Top of SOURCE DATA

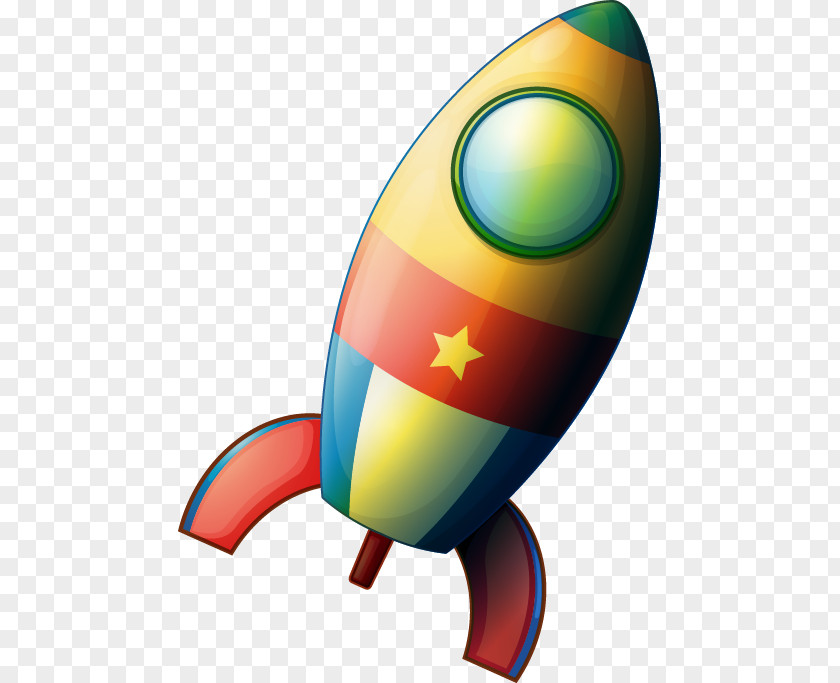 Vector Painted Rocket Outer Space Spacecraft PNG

Bottom of SOURCE DATA
Top of SOURCE DATA

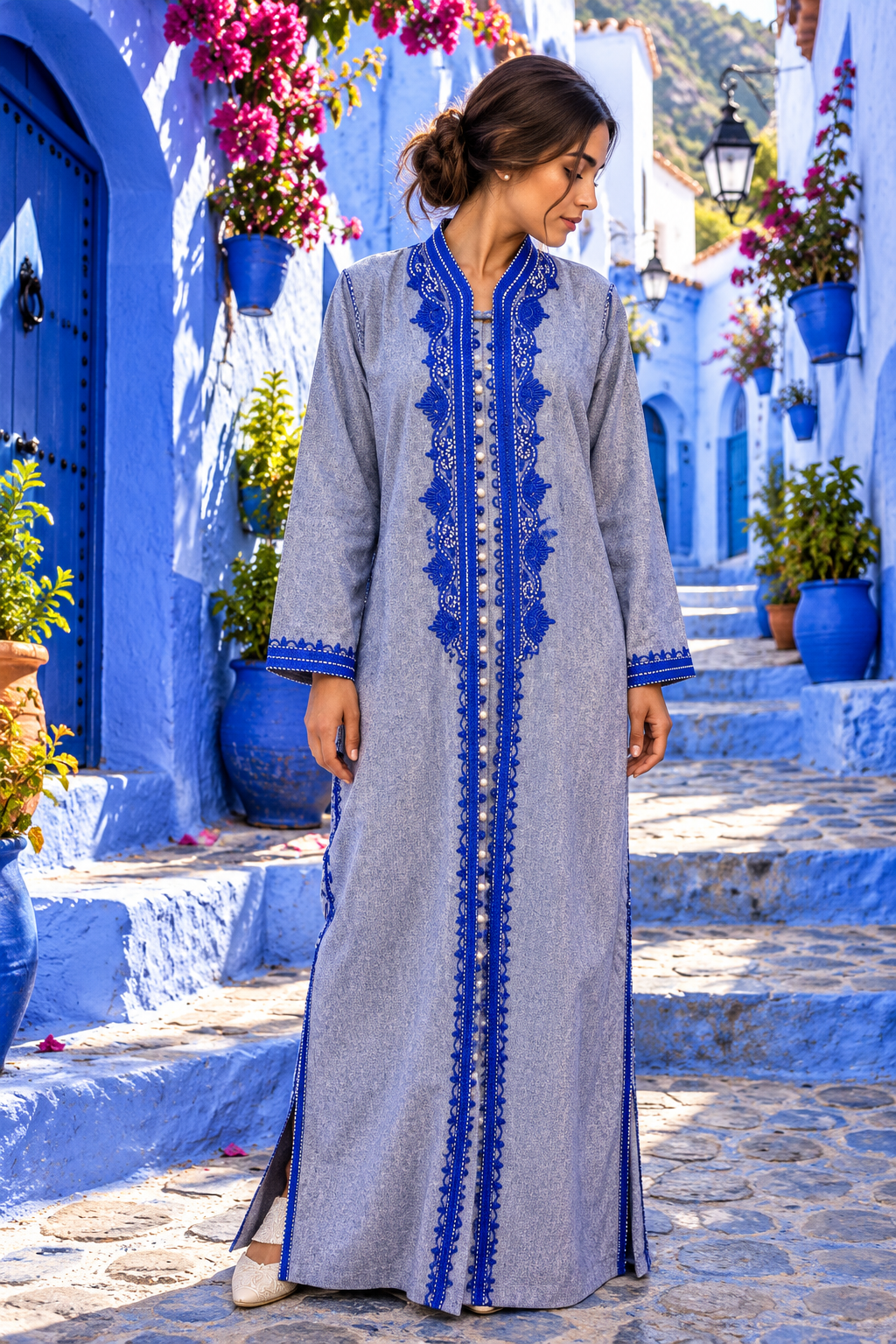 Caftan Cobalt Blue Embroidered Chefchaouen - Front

Bottom of SOURCE DATA
Top of SOURCE DATA

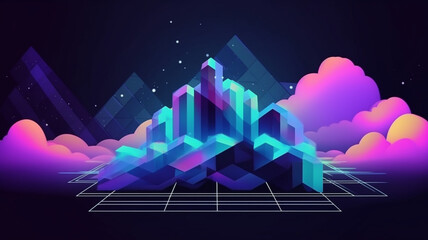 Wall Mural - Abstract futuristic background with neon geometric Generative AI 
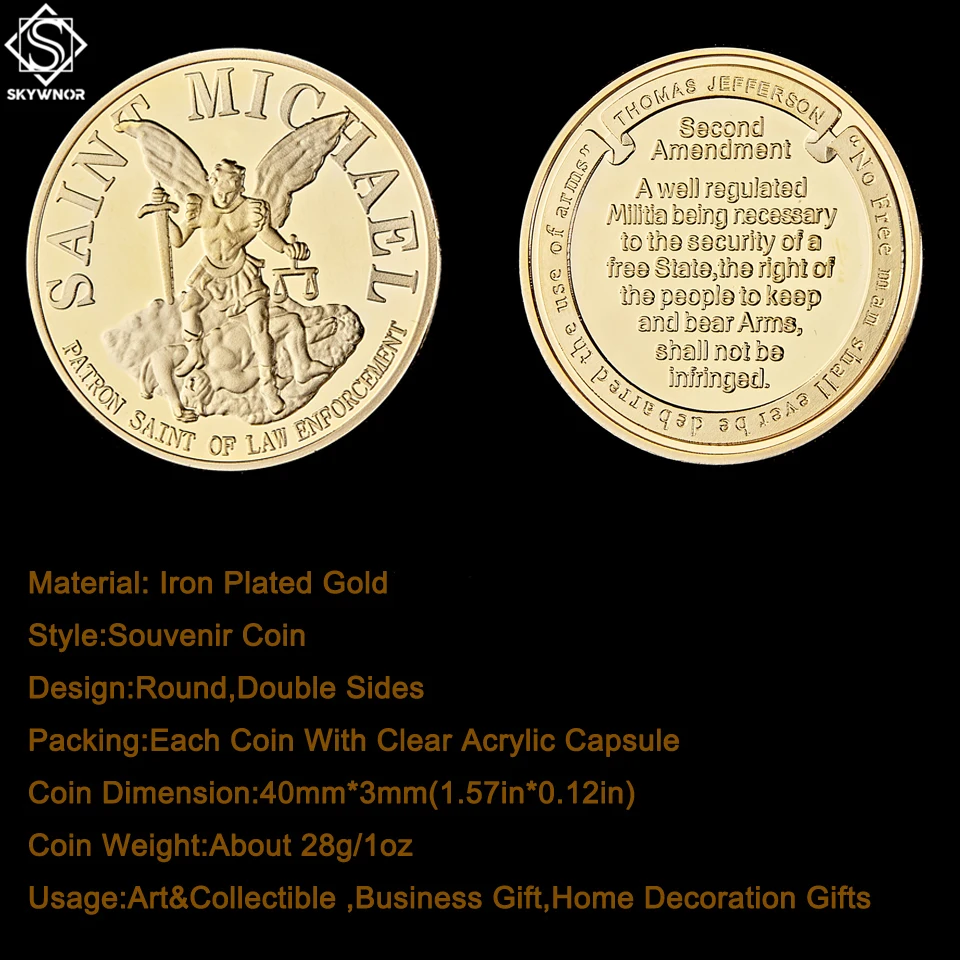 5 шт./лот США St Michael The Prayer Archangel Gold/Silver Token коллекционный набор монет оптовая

Bottom of SOURCE DATA

ACTIVITY →
Using the records above, repeat exactly the run of lines that starts with the line with "Wall Mural - Abstract" and goes on through the line with "5 шт./лот США"; omit each picture.

EXPECTED ANSWER →
 Wall Mural - Abstract futuristic background with neon geometric Generative AI 
 5 шт./лот США St Michael The Prayer Archangel Gold/Silver Token коллекционный набор монет оптовая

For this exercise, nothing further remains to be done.